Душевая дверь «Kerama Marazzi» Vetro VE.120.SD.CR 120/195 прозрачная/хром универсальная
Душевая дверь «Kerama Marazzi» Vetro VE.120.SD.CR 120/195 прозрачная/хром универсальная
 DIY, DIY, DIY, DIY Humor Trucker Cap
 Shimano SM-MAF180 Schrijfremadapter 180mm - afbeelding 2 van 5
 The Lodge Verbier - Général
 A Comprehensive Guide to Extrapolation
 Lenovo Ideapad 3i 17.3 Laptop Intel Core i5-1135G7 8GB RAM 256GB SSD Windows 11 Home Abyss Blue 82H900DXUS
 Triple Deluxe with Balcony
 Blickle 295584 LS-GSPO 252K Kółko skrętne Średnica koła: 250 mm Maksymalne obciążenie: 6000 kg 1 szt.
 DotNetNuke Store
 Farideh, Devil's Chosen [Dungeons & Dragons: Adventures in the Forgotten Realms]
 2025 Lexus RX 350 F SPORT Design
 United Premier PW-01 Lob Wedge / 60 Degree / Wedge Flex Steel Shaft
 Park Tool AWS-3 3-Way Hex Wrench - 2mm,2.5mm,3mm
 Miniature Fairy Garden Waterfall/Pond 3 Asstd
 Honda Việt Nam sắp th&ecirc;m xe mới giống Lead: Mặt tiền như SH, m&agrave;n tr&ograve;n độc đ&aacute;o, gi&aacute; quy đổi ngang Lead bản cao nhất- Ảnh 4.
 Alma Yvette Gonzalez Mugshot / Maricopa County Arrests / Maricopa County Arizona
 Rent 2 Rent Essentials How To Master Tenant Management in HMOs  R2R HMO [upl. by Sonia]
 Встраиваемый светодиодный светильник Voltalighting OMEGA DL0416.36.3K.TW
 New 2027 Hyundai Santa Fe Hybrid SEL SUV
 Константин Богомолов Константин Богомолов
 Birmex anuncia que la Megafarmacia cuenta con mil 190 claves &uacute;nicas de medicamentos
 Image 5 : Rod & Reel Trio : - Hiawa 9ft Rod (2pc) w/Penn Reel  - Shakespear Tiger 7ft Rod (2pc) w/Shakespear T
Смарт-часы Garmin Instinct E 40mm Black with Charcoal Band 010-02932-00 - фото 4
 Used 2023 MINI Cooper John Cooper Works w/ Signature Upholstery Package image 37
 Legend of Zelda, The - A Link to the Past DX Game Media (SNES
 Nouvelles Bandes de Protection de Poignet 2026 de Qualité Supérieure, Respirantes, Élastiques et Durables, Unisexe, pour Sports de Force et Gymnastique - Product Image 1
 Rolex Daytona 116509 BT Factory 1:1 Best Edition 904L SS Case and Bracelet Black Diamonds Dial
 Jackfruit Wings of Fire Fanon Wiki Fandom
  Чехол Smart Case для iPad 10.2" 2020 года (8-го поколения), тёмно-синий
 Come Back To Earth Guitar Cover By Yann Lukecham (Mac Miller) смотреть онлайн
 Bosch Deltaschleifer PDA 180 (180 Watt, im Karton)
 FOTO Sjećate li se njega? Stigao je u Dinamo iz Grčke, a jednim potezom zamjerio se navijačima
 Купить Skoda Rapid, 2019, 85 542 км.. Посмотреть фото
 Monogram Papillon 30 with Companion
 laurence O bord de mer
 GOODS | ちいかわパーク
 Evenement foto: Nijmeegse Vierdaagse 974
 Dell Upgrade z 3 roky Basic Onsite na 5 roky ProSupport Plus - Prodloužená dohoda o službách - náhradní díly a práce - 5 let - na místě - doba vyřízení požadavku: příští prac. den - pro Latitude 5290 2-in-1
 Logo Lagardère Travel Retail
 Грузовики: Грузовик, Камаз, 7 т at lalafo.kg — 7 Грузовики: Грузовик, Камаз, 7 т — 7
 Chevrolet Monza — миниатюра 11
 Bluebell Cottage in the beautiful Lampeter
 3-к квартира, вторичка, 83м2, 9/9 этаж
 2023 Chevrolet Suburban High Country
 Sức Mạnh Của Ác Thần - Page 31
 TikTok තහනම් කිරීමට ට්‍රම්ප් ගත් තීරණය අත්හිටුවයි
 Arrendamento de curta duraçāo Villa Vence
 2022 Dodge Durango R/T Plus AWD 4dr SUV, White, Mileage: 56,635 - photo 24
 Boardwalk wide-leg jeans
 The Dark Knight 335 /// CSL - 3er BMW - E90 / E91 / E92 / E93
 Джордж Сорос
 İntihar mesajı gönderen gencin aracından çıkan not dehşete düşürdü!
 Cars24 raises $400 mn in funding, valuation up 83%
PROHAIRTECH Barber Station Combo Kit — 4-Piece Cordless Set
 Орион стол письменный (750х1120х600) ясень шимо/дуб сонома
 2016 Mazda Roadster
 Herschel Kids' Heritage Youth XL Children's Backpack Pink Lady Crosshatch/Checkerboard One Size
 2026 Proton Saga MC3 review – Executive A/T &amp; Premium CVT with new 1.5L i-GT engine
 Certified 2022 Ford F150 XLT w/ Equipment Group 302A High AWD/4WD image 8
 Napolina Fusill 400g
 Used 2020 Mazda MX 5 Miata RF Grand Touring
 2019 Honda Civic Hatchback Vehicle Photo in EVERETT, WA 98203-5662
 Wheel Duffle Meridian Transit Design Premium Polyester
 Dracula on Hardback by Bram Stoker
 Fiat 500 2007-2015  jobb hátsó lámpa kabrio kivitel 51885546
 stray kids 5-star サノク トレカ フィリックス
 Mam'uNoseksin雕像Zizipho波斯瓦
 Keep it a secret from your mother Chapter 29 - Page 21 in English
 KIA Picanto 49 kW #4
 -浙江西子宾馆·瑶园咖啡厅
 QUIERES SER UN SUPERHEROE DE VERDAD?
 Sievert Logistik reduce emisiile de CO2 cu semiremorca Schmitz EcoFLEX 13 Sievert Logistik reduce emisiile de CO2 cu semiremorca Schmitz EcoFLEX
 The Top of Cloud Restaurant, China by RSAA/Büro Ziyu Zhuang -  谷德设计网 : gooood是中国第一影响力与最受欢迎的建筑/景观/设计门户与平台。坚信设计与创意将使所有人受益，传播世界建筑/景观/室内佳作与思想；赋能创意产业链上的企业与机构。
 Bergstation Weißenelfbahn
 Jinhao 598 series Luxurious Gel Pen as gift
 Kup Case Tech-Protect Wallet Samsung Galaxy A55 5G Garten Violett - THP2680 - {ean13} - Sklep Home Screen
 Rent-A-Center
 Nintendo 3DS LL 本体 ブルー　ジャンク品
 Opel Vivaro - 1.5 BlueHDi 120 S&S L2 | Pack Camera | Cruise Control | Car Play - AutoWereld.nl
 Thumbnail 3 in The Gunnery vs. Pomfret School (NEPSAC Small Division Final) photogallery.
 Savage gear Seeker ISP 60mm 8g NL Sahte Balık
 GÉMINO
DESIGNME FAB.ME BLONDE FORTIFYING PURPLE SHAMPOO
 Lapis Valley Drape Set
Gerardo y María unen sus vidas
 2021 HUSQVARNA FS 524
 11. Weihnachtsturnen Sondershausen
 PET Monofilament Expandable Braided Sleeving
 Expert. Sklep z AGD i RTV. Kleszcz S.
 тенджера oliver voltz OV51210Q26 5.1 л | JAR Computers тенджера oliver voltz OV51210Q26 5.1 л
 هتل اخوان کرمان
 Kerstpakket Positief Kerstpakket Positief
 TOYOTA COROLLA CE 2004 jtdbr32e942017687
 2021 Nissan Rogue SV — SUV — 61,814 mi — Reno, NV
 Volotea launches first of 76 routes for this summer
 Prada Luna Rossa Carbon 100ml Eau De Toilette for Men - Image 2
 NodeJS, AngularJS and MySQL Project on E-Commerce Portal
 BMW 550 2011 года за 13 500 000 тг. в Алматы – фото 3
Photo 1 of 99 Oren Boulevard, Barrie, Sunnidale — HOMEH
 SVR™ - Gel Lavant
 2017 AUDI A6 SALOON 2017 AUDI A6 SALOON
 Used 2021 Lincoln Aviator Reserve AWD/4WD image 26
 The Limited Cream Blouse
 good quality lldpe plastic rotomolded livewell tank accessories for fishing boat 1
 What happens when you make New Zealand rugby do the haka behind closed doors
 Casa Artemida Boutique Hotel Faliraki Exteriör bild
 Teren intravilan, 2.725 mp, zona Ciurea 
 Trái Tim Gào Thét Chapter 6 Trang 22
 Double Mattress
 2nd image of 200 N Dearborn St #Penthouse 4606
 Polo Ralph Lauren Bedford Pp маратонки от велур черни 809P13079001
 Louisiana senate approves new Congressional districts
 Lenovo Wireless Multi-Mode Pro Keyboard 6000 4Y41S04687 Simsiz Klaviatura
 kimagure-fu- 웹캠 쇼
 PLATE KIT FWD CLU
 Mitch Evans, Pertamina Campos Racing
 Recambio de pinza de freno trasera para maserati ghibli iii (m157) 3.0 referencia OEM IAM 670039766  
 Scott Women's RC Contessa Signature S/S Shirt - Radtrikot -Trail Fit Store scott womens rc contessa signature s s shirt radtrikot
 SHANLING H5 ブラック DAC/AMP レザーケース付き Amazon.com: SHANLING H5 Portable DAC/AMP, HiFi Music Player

————

**Directions:** The range runs from the line with "laurence O bord de mer" up to and including the line with "Sức Mạnh Của Ác Thần - Page 31" in the listing above; please write out exactly those lines and nothing more.

**Exercise answer:**
 laurence O bord de mer
 GOODS | ちいかわパーク
 Evenement foto: Nijmeegse Vierdaagse 974
 Dell Upgrade z 3 roky Basic Onsite na 5 roky ProSupport Plus - Prodloužená dohoda o službách - náhradní díly a práce - 5 let - na místě - doba vyřízení požadavku: příští prac. den - pro Latitude 5290 2-in-1
 Logo Lagardère Travel Retail
 Грузовики: Грузовик, Камаз, 7 т at lalafo.kg — 7 Грузовики: Грузовик, Камаз, 7 т — 7
 Chevrolet Monza — миниатюра 11
 Bluebell Cottage in the beautiful Lampeter
 3-к квартира, вторичка, 83м2, 9/9 этаж
 2023 Chevrolet Suburban High Country
 Sức Mạnh Của Ác Thần - Page 31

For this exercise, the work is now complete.